Los científicos rusos pensaron en un perro callejero acostumbrado a luchar diariamente por su supervivencia como el mejor candidato para superar los entrenamientos y realizar la prueba final del vuelo espacial. Laika superó con nota los mismos exámenes y pruebas que luego se aplicarían a los humanos.

La suerte de Laika estaba echada, la perra nunca volvería a pisar la Tierra ya que la nave no tenía módulo de retorno y sacrificaría su vida para demostrar la resistencia de los humanos en condiciones de ingravidez.

Laika viajó en una cabina con un arnés para combatir los efectos de la ingravidez, bebió agua a través de unos dispensadores e ingirió alimentos en forma de gelatina. La perra se cree que sobrevivió alrededor de 5-7 horas, tiempo suficiente para ascender y entrar en la orbita terrestre; estos datos no se conocieron hasta 2002, ya que, originalmente se informó que Laika falleció a la semana de la expedición, sin usar el supuesto paracaídas que la traería de regreso a la tierra.
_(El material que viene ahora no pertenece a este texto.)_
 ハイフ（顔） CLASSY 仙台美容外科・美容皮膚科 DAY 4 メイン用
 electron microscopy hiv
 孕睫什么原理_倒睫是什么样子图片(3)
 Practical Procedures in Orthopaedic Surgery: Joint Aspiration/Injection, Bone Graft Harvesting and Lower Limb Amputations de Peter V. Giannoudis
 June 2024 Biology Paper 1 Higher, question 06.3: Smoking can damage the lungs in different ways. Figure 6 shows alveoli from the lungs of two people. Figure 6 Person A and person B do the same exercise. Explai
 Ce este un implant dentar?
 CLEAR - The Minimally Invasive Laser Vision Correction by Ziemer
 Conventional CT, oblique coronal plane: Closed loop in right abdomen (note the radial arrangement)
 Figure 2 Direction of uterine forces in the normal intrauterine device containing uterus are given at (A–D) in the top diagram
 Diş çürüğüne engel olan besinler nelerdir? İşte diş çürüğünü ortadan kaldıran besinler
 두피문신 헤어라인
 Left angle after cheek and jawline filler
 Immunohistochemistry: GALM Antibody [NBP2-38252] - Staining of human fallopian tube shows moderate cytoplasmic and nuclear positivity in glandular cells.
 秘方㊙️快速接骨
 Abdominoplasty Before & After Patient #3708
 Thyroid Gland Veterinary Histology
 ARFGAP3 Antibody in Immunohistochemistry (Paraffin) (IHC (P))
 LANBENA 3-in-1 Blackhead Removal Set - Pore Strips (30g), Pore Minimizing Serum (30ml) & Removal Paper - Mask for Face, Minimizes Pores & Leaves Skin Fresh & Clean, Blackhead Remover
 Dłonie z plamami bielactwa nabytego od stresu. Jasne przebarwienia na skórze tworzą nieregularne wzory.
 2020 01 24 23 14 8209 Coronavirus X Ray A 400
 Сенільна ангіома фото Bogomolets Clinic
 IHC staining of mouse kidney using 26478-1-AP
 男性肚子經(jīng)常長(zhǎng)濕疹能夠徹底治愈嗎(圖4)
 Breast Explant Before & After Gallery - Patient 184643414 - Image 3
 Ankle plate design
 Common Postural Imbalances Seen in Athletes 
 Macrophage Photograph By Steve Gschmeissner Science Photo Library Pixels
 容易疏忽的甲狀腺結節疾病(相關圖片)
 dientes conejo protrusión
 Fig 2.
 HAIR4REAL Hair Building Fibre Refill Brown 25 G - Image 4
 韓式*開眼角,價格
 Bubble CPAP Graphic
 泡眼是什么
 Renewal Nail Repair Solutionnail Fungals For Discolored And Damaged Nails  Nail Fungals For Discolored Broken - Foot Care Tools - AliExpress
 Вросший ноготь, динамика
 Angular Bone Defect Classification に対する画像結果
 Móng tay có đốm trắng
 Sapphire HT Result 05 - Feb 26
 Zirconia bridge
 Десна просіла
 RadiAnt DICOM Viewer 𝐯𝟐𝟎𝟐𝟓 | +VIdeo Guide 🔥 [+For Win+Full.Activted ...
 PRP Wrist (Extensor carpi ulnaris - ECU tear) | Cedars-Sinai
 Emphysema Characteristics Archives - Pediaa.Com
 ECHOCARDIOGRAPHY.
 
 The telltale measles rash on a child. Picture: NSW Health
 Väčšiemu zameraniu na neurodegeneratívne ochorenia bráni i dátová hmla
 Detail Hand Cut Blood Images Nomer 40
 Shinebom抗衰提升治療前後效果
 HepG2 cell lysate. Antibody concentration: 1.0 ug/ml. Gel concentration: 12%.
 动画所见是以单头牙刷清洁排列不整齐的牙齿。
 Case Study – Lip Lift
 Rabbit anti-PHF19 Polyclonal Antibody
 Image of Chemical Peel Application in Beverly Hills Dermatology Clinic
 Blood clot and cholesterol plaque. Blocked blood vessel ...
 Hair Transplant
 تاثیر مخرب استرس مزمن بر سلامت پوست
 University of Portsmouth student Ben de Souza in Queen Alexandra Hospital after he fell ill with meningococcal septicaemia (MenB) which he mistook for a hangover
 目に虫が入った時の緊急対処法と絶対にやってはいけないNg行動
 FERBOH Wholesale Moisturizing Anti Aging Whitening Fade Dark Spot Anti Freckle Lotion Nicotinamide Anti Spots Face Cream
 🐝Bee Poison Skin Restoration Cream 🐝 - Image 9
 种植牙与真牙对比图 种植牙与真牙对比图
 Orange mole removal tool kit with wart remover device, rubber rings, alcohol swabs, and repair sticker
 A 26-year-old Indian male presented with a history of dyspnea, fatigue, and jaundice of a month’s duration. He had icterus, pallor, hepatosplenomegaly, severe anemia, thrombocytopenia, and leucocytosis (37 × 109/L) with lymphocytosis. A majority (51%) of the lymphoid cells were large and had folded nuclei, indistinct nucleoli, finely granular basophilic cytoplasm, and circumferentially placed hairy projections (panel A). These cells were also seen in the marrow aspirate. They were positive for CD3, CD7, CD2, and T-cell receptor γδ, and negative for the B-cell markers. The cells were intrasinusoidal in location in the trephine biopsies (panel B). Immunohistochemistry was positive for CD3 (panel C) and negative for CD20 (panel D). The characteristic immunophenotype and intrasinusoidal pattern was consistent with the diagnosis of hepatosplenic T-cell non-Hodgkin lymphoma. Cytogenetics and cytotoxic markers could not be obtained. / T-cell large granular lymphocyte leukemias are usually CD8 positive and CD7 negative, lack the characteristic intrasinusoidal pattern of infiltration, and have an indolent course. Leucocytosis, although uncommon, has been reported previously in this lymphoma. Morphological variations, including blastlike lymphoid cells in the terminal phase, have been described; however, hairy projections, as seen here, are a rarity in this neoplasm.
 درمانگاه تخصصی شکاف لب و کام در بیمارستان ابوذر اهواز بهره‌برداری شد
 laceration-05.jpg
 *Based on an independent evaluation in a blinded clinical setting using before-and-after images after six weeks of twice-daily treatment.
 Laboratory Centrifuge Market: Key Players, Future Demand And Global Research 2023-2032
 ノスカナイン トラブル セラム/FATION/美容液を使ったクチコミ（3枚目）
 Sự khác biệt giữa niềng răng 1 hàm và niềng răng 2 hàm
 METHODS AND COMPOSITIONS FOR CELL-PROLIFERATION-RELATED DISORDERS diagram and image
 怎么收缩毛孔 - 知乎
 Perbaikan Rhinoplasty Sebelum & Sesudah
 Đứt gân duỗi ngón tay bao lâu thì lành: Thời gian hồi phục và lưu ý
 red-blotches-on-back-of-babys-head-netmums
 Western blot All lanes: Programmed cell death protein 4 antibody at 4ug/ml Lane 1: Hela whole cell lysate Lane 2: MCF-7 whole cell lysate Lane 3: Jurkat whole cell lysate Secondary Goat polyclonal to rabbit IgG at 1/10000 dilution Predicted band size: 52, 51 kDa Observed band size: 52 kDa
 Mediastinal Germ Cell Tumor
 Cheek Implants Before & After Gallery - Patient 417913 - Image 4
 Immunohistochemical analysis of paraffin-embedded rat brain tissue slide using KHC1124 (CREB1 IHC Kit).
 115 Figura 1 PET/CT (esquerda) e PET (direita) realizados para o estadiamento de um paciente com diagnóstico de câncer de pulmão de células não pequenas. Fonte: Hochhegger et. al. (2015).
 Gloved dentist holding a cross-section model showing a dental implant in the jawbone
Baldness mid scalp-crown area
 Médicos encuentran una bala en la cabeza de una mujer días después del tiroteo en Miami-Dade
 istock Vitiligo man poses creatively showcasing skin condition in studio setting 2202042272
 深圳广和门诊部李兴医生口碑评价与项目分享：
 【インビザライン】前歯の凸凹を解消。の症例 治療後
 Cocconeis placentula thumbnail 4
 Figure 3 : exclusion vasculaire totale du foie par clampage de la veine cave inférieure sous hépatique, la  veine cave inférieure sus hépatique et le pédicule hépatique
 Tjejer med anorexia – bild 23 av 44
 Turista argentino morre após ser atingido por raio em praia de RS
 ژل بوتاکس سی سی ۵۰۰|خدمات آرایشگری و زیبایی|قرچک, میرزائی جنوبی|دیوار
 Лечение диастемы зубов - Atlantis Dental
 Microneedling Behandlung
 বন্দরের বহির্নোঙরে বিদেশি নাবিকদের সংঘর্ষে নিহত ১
El Sputnik 2 se destruyo el 14 de abril de 1958 al entrar en contacto con la atmósfera. Laika fue el único perro enviado al espacio sin sistema de retorno. La URSS realizó entre junio de 1951 y septiembre de 1962, 29 vuelos espaciales con perros, terminando ocho en tragedia y el resto de los perros regresaron con paracaídas y con máscaras de respiración y trajes espaciales.